NoMachine works on Intel-based Macs. I can't speak for ARM hardware.


----------



## SledgeHammer (Dec 28, 2007)

b4pjoe said:


> If you want to go from PC to Mac like the title of this thread you use screen sharing on the Mac and in the settings enable VNC then use a VNC client to connect. Same about port frowarding to connect to a machine across the internet unless you have VPN setup. If you don't like VNC you can install the free Chrome Remote Destop extension in Chrome and go either way Mac to PC or PC to Mac. You access the remote computer with Chrome. It works well. During Covid our people that only had PC's at home were connecting that way to their work Macs. And I think you don't have to worry about port forwarding if you aren't using a VPN. Not sure as we had VPN setup for direct connections.

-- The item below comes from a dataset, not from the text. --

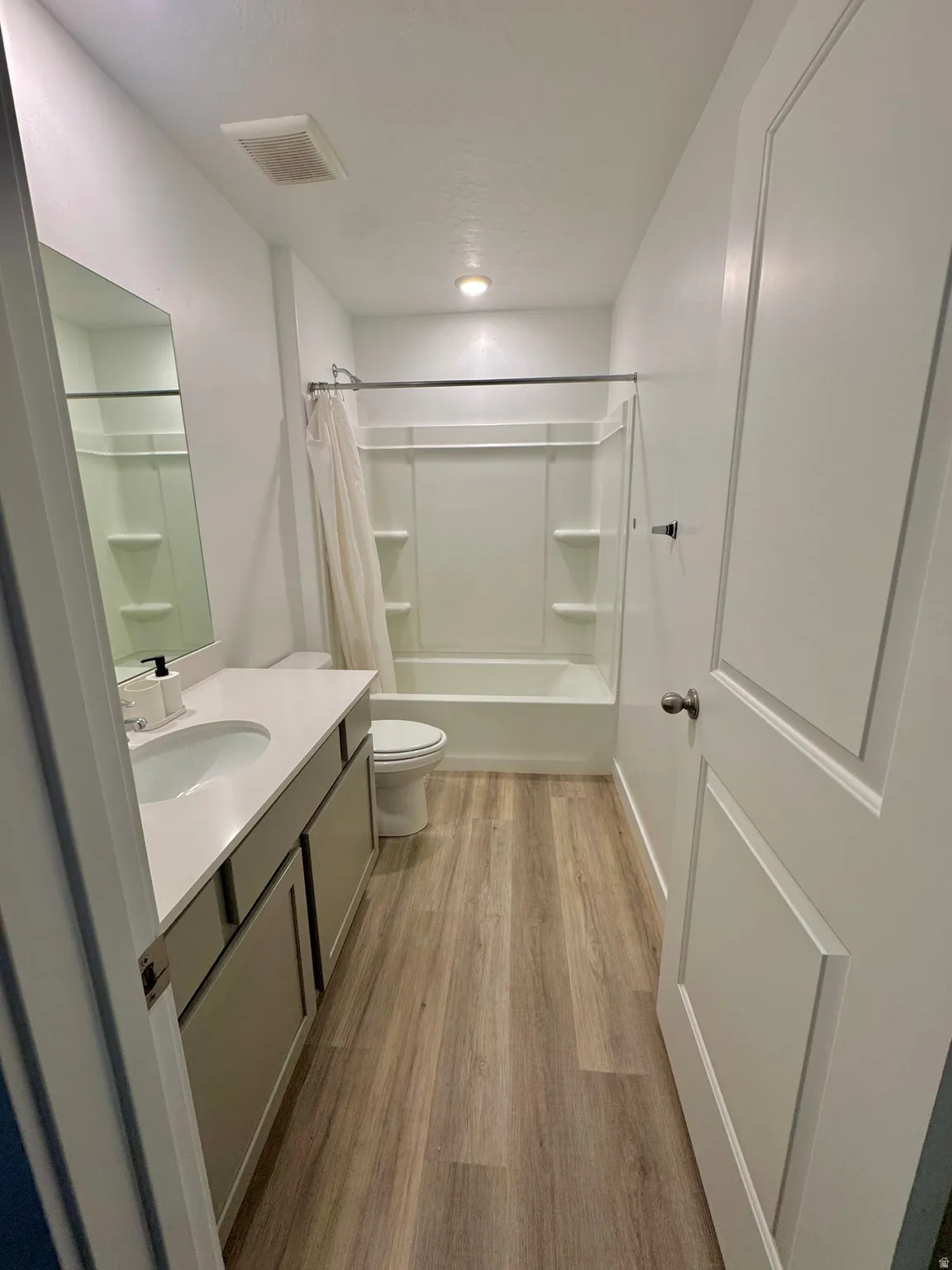 Bathroom featuring vanity, light wood-style flooring, and shower / bath combination with curtain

Yeah, I want to go from my PC to work mac.


----------



## b4pjoe (Nov 20, 2010)

If you don't like VNC then I would go with the Chrome Remote Desktop. Just have to have Chrome installed on both machines.





__





Chrome Remote Desktop







remotedesktop.google.com


----------



## harsh (Jun 15, 2003)

b4pjoe said:


> If you don't like VNC then I would go with the Chrome Remote Desktop.


Other than maybe some sound support CRD isn't much more capable than VNC.

Clipboard support as well as drive sharing are high on the list of things that make remote operation practical. Remote printing probably isn't important here but in general, it is a biggie.


----------



## b4pjoe (Nov 20, 2010)

harsh said:


> Other than maybe some sound support CRD isn't much more capable than VNC.
> 
> Clipboard support as well as drive sharing are high on the list of things that make remote operation practical. Remote printing probably isn't important here but in general, it is a biggie.


CRD gives you access to the remote computer to do anything you need. Our users had no issues using it for PC > Mac remote computers. Clipboard and remote printing worked fine. Since the connection was via VPN we also had access to drive sharing.


----------



## SledgeHammer (Dec 28, 2007)

b4pjoe said:


> CRD gives you access to the remote computer to do anything you need. Our users had no issues using it for PC > Mac remote computers. Clipboard and remote printing worked fine. Since the connection was via VPN we also had access to drive sharing.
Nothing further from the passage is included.